## Task to complete
In the entries that follow, find the line containing "China Work Knit" and the line containing "Unfinished Wood Laying", then retype exactly the lines from the first through the second, pictures excluded.

## Data extracts
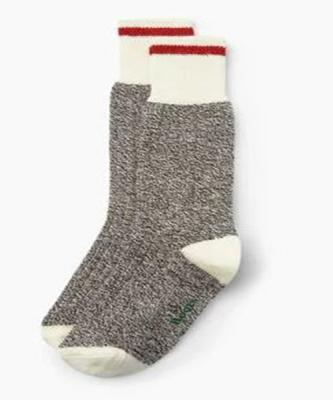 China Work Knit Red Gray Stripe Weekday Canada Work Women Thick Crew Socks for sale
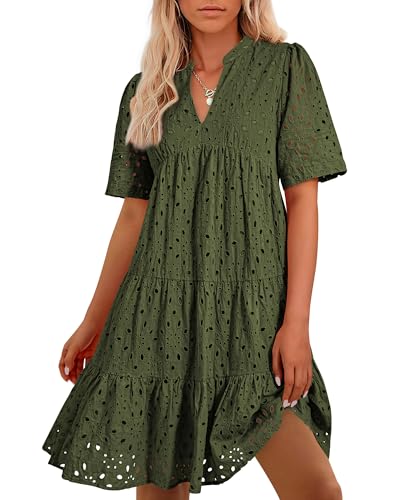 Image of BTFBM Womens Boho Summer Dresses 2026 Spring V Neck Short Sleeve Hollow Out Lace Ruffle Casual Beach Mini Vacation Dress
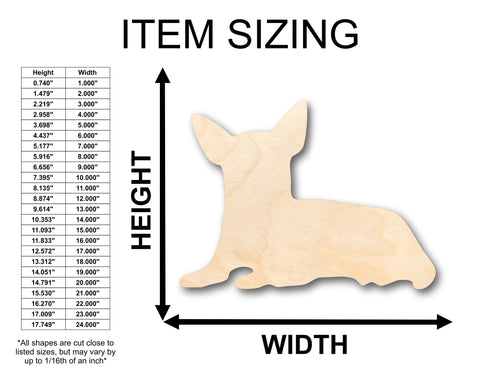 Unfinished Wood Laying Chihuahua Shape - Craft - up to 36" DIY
* * *
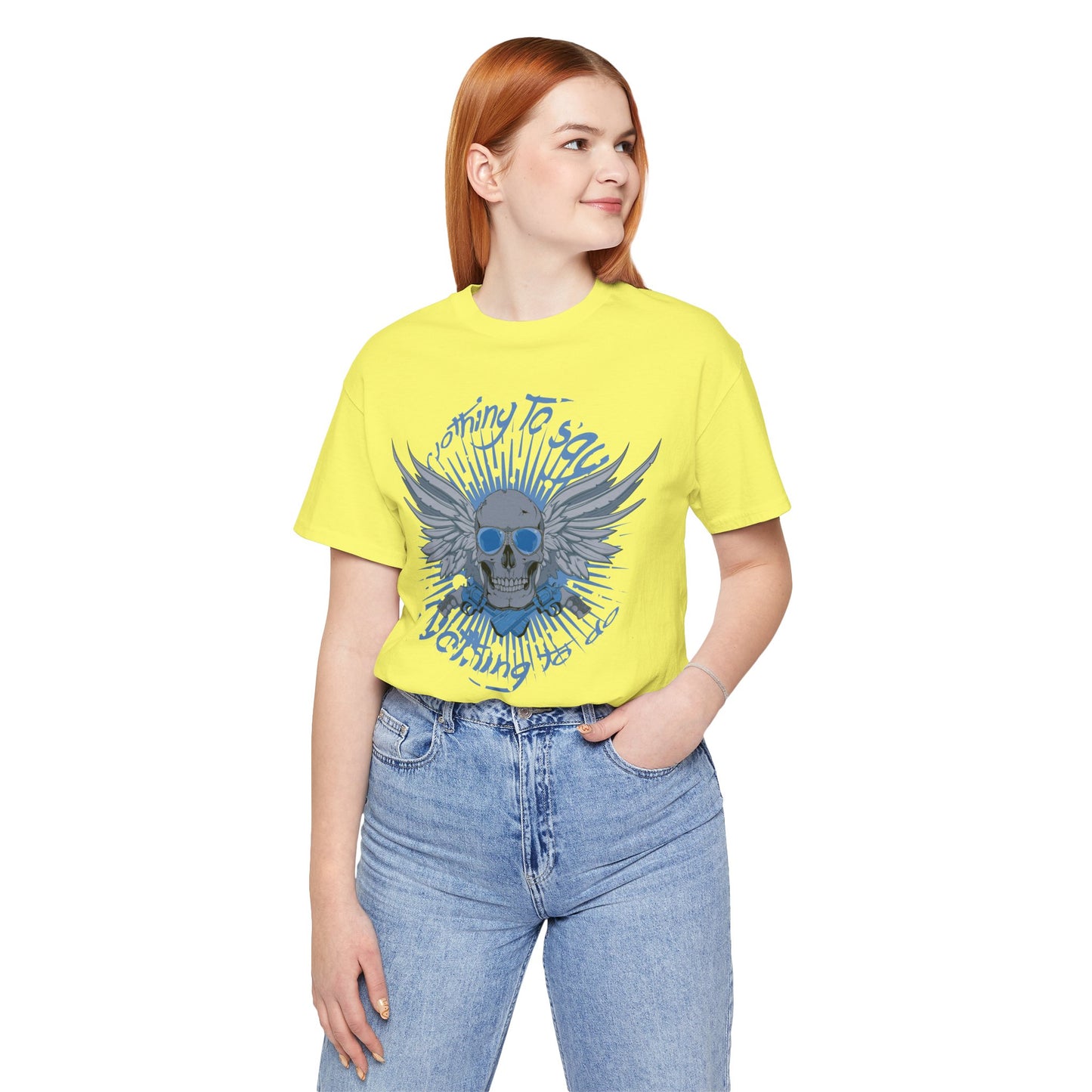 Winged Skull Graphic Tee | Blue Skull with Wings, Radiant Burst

## Your solution
 China Work Knit Red Gray Stripe Weekday Canada Work Women Thick Crew Socks for sale
 Image of BTFBM Womens Boho Summer Dresses 2026 Spring V Neck Short Sleeve Hollow Out Lace Ruffle Casual Beach Mini Vacation Dress
 Unfinished Wood Laying Chihuahua Shape - Craft - up to 36" DIY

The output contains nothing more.